THE TASK
Every entry must be repeated exactly. Exclude all pictures.

┌──

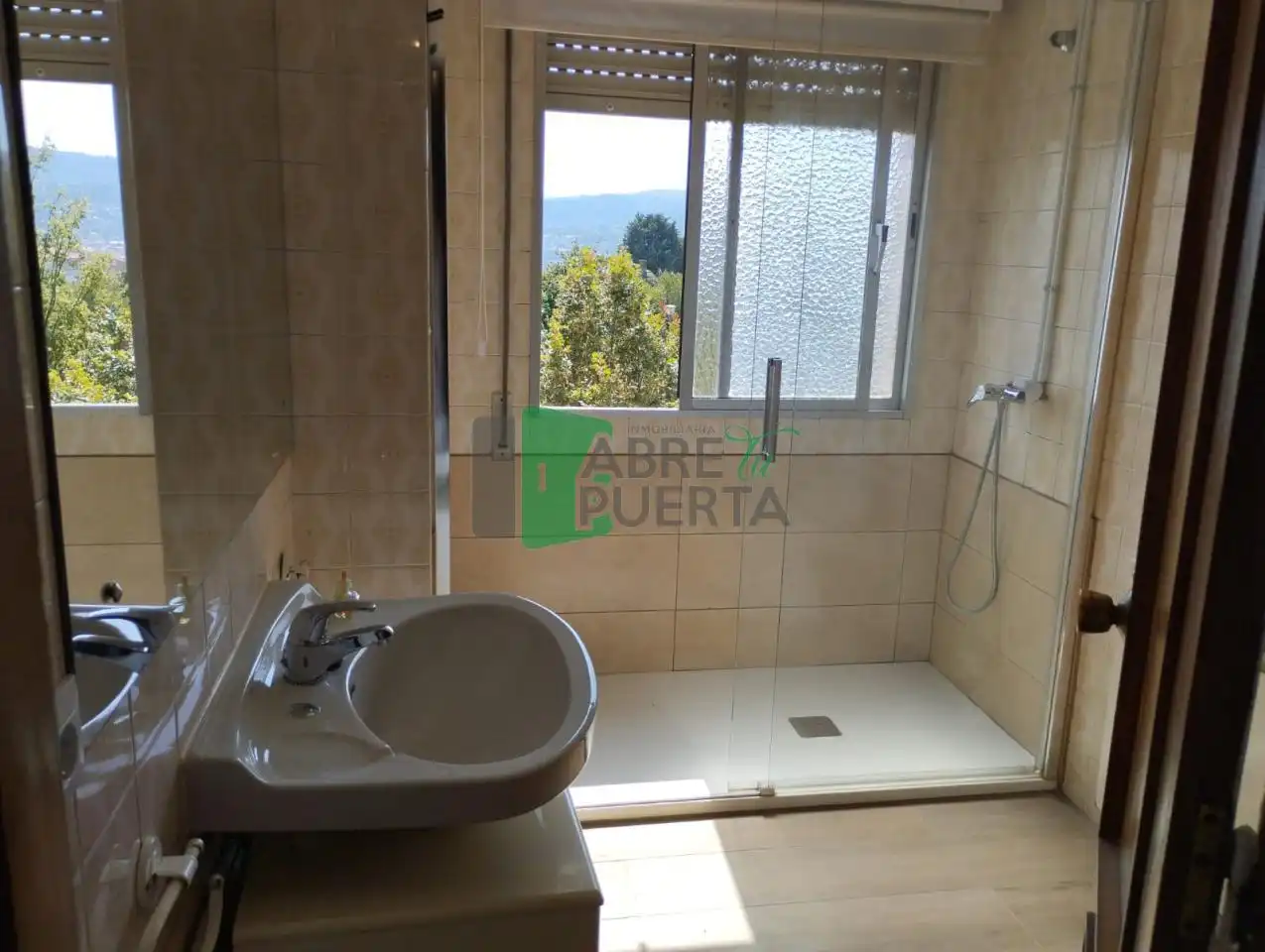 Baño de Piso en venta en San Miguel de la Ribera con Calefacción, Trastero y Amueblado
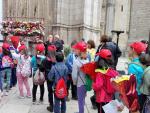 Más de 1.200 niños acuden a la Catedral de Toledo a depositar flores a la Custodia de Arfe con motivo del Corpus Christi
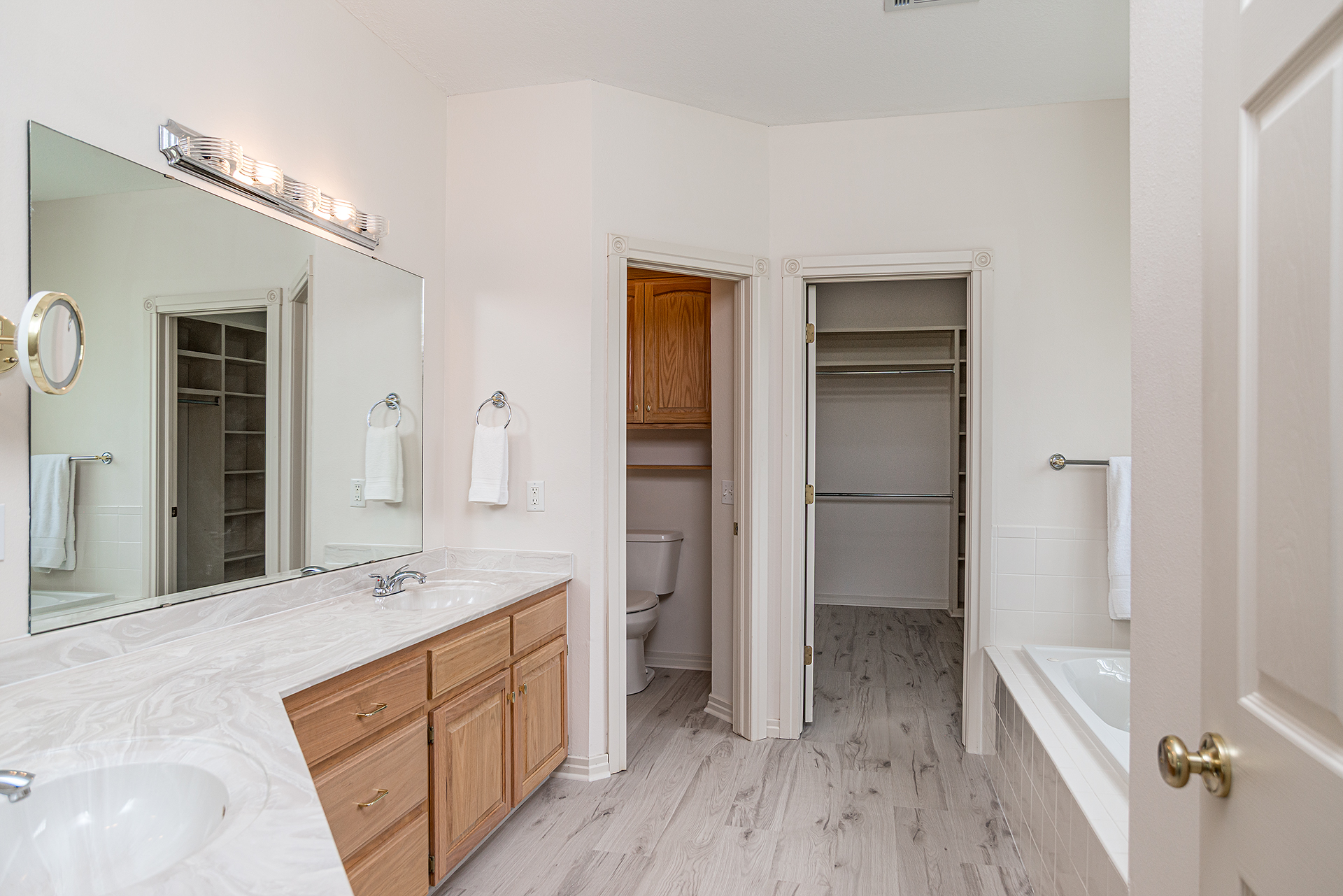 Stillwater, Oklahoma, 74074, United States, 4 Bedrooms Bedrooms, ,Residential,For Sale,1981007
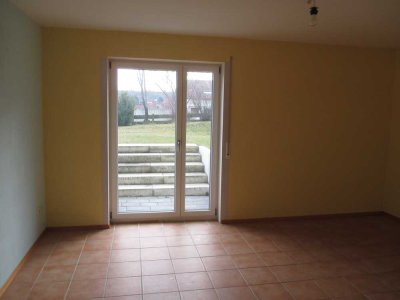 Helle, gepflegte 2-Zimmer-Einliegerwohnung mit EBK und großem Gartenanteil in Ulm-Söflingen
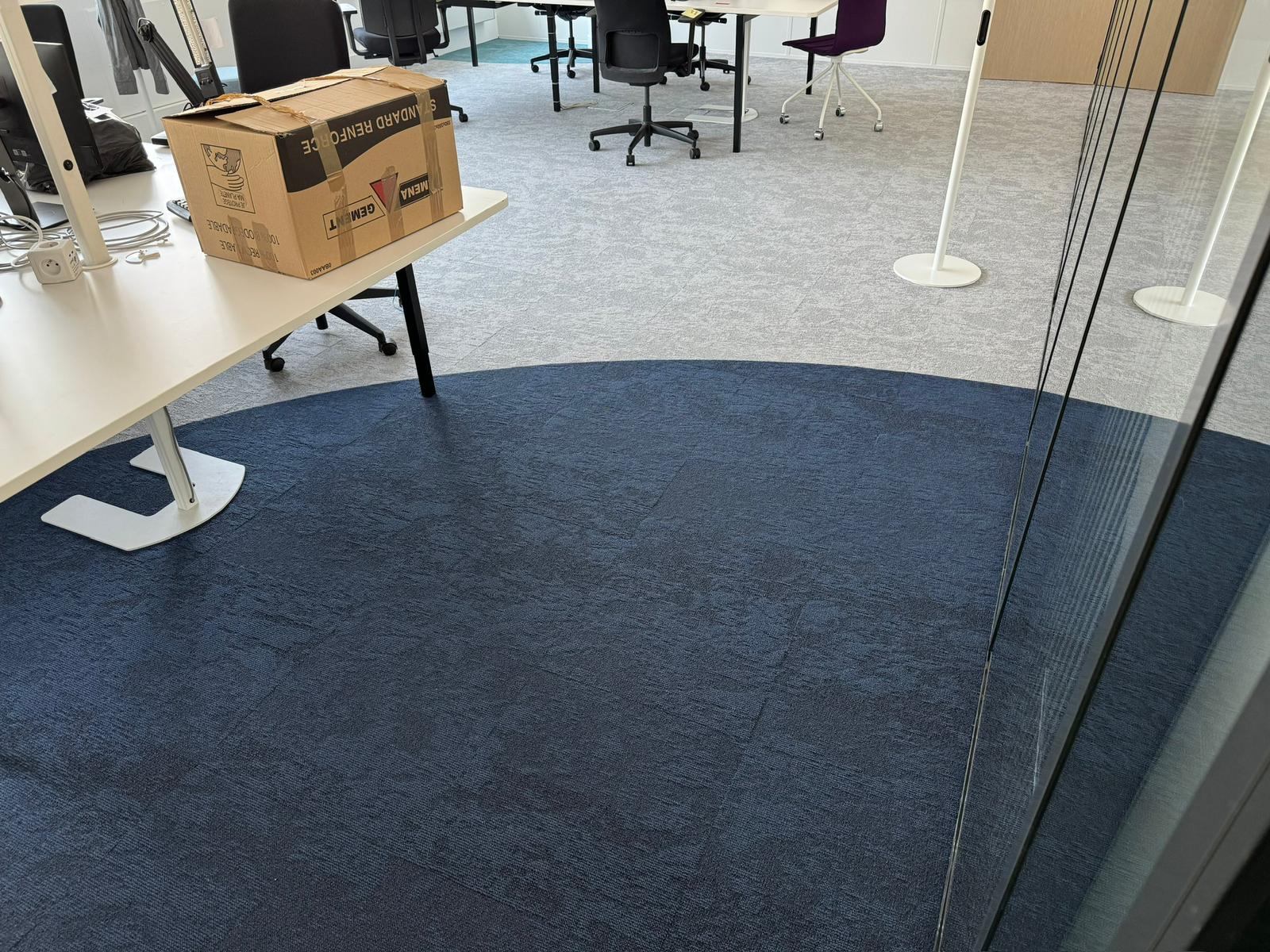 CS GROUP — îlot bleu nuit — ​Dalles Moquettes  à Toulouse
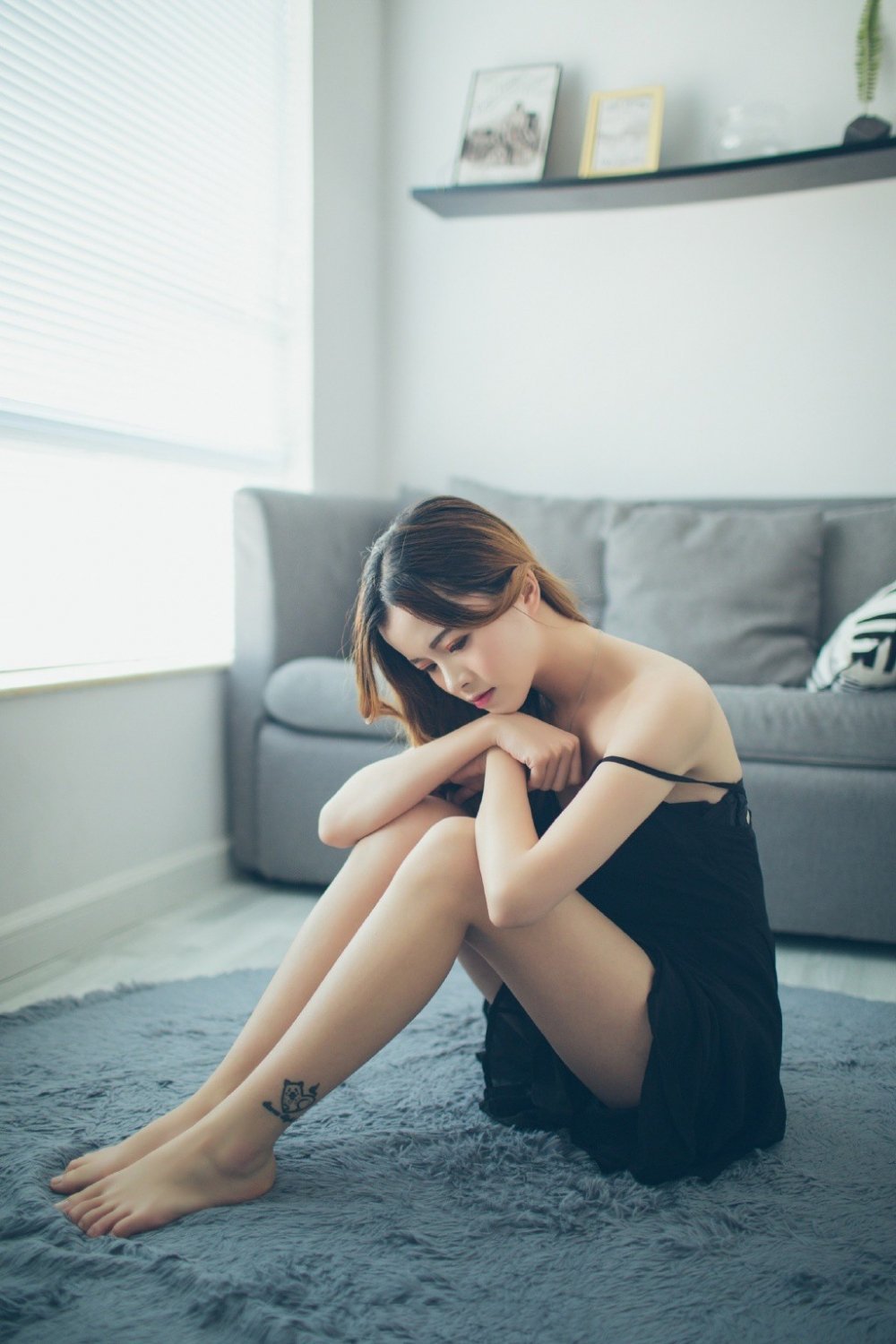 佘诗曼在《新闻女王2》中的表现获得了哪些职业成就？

└──

ANSWER BOX
 Baño de Piso en venta en San Miguel de la Ribera con Calefacción, Trastero y Amueblado
 Más de 1.200 niños acuden a la Catedral de Toledo a depositar flores a la Custodia de Arfe con motivo del Corpus Christi
 Stillwater, Oklahoma, 74074, United States, 4 Bedrooms Bedrooms, ,Residential,For Sale,1981007
 Helle, gepflegte 2-Zimmer-Einliegerwohnung mit EBK und großem Gartenanteil in Ulm-Söflingen
 CS GROUP — îlot bleu nuit — ​Dalles Moquettes  à Toulouse
 佘诗曼在《新闻女王2》中的表现获得了哪些职业成就？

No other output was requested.